- **DIRECTIONS FOR THIS TASK**: Which lines in the material below contain the word "with"? Copy each of them.
──────
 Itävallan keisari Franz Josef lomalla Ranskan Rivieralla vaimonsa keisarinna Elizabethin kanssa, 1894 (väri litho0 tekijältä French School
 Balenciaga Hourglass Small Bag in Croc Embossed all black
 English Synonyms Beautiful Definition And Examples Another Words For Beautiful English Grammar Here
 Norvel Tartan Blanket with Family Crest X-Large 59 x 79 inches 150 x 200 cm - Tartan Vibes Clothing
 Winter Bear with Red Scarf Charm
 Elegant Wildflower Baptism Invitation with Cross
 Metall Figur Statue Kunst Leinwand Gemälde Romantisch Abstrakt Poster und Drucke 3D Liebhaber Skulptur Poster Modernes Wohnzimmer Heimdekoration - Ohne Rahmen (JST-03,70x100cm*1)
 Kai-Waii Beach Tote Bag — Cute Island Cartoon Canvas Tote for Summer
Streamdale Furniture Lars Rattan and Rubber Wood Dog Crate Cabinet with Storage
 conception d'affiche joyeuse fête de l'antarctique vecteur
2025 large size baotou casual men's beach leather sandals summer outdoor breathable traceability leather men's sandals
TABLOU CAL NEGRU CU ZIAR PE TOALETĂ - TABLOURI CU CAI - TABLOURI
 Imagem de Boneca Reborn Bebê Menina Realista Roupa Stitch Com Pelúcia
──────
- **RESULT**:
 Norvel Tartan Blanket with Family Crest X-Large 59 x 79 inches 150 x 200 cm - Tartan Vibes Clothing
 Winter Bear with Red Scarf Charm
 Elegant Wildflower Baptism Invitation with Cross
Streamdale Furniture Lars Rattan and Rubber Wood Dog Crate Cabinet with Storage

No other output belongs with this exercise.